- **INSTRUCTIONS TO FOLLOW**
For this exercise, copy exactly the lines below from the one with "The different types of PAGE are" through the one with "There's an iPhone" and leave out the pictures.

- **ENTRIES PROVIDED**
"""
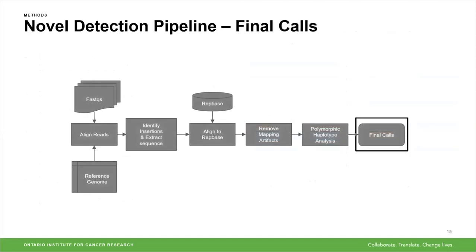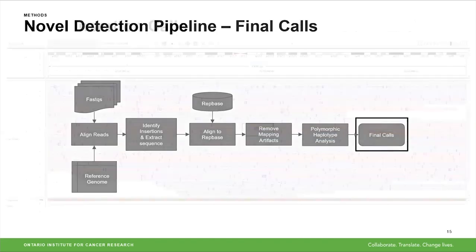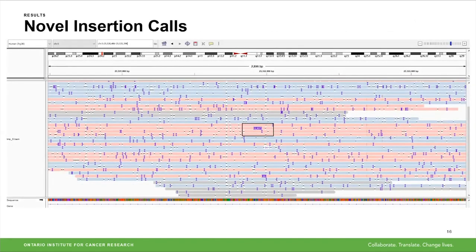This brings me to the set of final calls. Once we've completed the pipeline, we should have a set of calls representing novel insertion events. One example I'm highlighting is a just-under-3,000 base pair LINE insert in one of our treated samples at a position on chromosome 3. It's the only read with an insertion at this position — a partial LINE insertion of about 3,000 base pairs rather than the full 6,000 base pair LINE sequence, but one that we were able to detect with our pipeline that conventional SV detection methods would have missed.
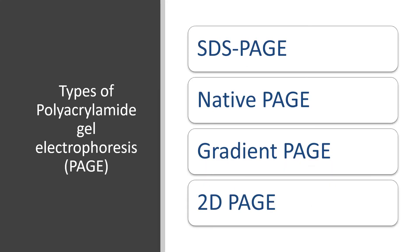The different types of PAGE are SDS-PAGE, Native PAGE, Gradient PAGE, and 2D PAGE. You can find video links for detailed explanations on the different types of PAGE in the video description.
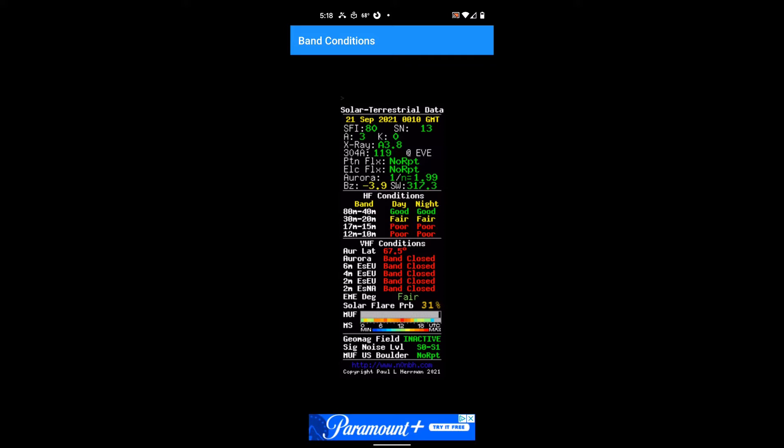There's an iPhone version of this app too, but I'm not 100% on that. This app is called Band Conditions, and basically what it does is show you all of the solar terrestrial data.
"""
"""
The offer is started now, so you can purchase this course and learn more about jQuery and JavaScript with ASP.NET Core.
"""
"""
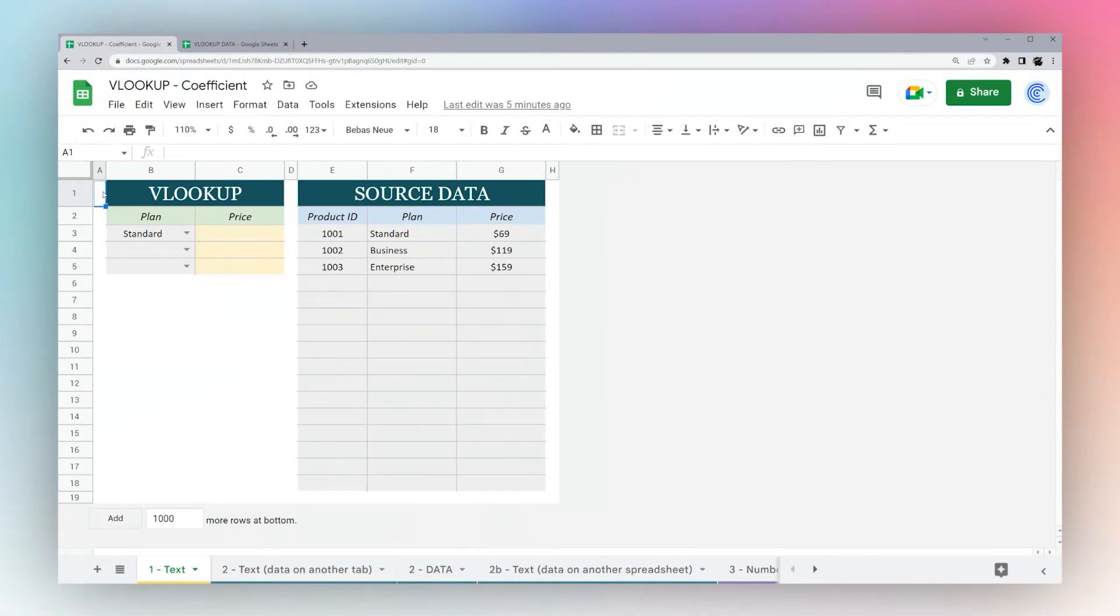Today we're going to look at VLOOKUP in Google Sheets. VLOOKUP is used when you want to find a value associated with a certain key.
"""
- **OUTPUT BELOW**
The different types of PAGE are SDS-PAGE, Native PAGE, Gradient PAGE, and 2D PAGE. You can find video links for detailed explanations on the different types of PAGE in the video description.
There's an iPhone version of this app too, but I'm not 100% on that. This app is called Band Conditions, and basically what it does is show you all of the solar terrestrial data.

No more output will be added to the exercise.